┌─ Stored data

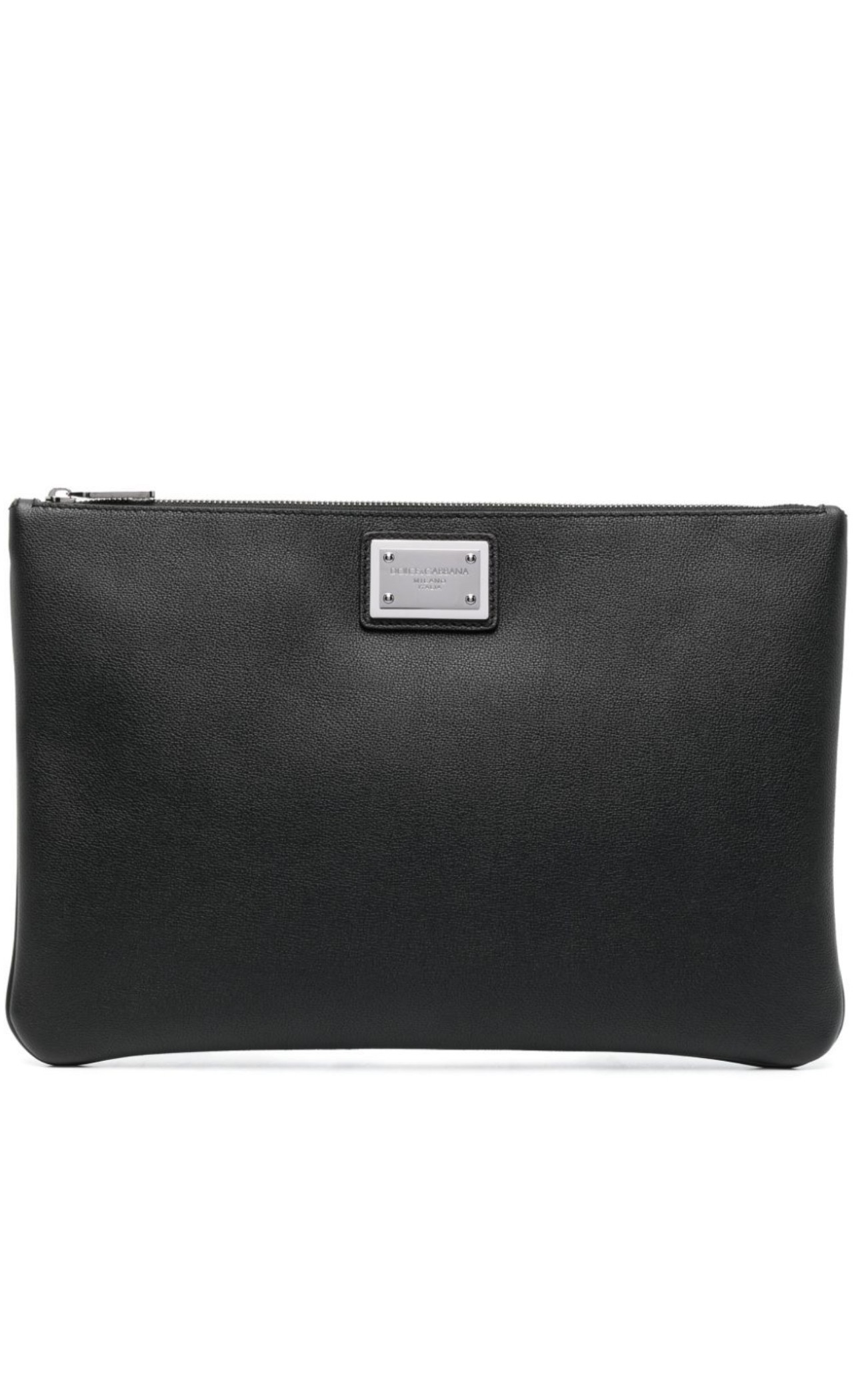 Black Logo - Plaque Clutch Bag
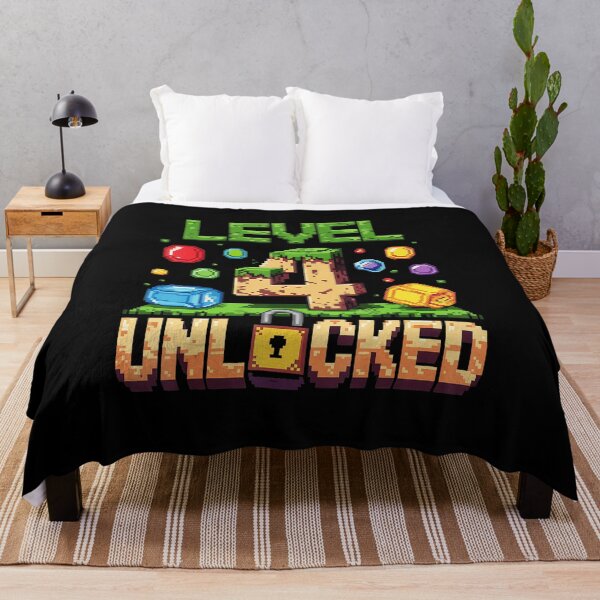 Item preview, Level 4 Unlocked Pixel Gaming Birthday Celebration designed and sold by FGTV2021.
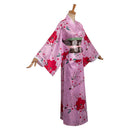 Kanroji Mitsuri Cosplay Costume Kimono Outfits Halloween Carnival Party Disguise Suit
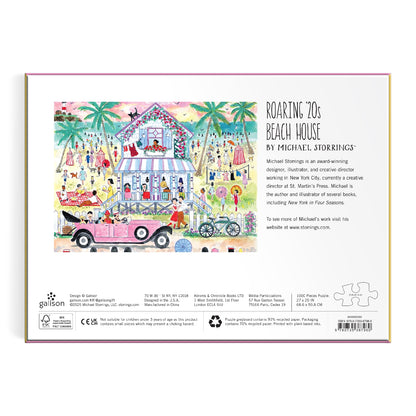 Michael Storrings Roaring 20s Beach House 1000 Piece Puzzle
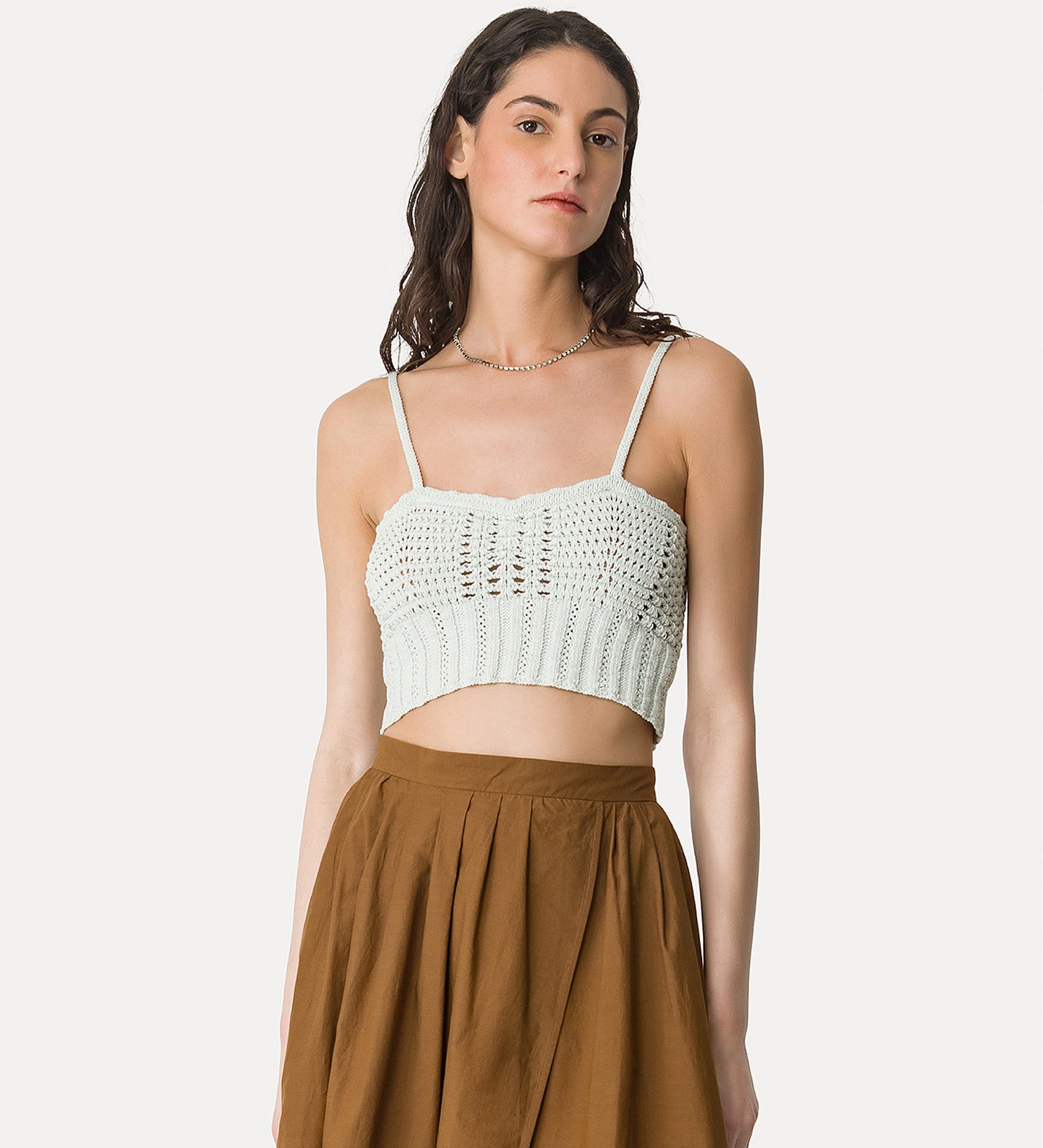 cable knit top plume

└─

__Task item__. Would you retype every record above exactly, leaving out the pictures?

__Written reply__.
 Black Logo - Plaque Clutch Bag
 Item preview, Level 4 Unlocked Pixel Gaming Birthday Celebration designed and sold by FGTV2021.
 Kanroji Mitsuri Cosplay Costume Kimono Outfits Halloween Carnival Party Disguise Suit
 Michael Storrings Roaring 20s Beach House 1000 Piece Puzzle
 cable knit top plume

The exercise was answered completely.